The Gralloch, a journey into darkness
The Gralloch is Britain’s first UCI Gravel World Series event and what an event it was!
The race would start in the little town of Gatehouse of Fleet, with the race heading out into the Galloway and Southern Ayrshire UNESCO Biosphere: which means it was pretty: very pretty. Normally I don’t notice the views on a race, but on this one, well it was special.
After a less than stellar performance at the Gravel Fondo Limburg a few weeks before, I was hoping for something better today. What I didn’t know was that apart from a severely impacted training programme, my body was finally succumbing to forty years of cycling wear and tear. An arthritic hip and a bulging disc was going to make this beautiful race a horror story!
But let’s start with the nice parts first! Living on England’s sunny southern coast meant that the trip to the Gralloch was going to be a long one. Trains and planes were out, the first is ridiculously expensive in the UK. The second is environmentally unacceptable and impractical. Instead we get to take our new electric car and test out how good the charging infrastructure is here, compared to Europe. Answer? It’s not great, they’re getting there, but can’t compare to Europe.
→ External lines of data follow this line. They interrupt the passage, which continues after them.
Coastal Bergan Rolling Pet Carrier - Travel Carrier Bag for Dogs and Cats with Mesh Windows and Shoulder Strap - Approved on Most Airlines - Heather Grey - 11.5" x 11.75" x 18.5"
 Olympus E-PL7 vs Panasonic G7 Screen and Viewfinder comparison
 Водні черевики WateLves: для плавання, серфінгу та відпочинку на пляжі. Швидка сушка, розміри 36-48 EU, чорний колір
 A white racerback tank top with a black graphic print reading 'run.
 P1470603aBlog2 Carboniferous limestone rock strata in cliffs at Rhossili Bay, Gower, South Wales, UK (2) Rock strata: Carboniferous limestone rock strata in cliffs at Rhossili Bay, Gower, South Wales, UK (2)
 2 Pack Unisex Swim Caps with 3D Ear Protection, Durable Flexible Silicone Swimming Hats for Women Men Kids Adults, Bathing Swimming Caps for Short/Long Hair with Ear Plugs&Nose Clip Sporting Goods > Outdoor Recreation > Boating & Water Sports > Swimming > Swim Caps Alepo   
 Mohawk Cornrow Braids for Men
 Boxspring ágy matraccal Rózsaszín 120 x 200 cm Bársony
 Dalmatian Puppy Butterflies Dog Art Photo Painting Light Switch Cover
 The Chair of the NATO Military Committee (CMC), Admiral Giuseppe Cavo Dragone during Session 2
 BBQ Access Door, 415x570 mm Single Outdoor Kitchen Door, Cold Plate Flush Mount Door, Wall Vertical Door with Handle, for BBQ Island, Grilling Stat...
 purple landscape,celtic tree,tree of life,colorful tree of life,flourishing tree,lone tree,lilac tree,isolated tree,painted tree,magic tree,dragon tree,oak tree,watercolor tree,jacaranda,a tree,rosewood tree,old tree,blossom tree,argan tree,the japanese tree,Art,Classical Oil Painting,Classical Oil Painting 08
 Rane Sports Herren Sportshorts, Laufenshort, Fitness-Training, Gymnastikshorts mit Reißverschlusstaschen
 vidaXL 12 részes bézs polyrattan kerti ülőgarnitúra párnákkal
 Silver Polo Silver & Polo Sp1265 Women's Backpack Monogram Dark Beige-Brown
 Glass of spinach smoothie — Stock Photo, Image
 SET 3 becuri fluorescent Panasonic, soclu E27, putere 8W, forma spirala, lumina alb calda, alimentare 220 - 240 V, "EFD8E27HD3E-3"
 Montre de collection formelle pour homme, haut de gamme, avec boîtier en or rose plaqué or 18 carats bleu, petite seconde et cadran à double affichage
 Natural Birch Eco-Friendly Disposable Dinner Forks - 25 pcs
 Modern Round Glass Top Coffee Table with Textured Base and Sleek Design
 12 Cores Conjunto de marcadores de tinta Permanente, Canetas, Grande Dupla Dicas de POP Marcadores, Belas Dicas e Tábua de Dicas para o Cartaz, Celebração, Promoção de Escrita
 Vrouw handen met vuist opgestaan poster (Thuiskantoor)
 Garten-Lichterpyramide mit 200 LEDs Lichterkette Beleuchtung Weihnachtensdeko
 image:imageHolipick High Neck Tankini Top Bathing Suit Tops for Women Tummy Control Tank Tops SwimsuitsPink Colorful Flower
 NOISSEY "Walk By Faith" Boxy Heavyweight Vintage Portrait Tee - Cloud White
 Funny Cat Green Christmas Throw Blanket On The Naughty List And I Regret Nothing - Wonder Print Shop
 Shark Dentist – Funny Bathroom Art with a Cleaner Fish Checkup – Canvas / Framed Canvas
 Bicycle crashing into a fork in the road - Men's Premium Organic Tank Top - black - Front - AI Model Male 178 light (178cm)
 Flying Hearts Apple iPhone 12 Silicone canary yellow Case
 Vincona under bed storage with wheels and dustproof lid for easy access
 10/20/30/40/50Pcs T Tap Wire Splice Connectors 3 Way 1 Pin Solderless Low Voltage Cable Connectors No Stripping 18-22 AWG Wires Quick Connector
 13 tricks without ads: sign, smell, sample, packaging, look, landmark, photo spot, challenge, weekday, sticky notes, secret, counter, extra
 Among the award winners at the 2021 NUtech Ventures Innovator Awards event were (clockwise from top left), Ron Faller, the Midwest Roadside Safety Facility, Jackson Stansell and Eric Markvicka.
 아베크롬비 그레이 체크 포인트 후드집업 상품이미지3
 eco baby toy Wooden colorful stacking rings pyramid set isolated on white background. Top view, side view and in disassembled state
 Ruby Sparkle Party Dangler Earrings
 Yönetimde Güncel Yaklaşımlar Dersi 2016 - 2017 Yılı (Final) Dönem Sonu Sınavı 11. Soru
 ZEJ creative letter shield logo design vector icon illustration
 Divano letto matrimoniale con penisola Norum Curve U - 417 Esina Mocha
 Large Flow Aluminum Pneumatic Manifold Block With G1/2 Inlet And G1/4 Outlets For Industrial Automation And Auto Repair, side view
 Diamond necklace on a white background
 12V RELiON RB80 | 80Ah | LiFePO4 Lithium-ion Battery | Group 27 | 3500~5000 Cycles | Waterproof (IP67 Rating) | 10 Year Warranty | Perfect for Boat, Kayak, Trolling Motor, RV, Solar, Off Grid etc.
Anyway after a twelve hour journey we arrive in Gatehouse of Fleet. It’s a tiny place, but picturesque. The car-park is a field on the edge of town and we ride to the start zone. This looks like it’s normally a fairly sleepy kind of place, but not this weekend! There are cyclists everywhere, of the gravel kind. Not all are moustachioed and wearing plaid though. There’s a fair amount of fit looking folk around, it’s going to be another fast one I feel.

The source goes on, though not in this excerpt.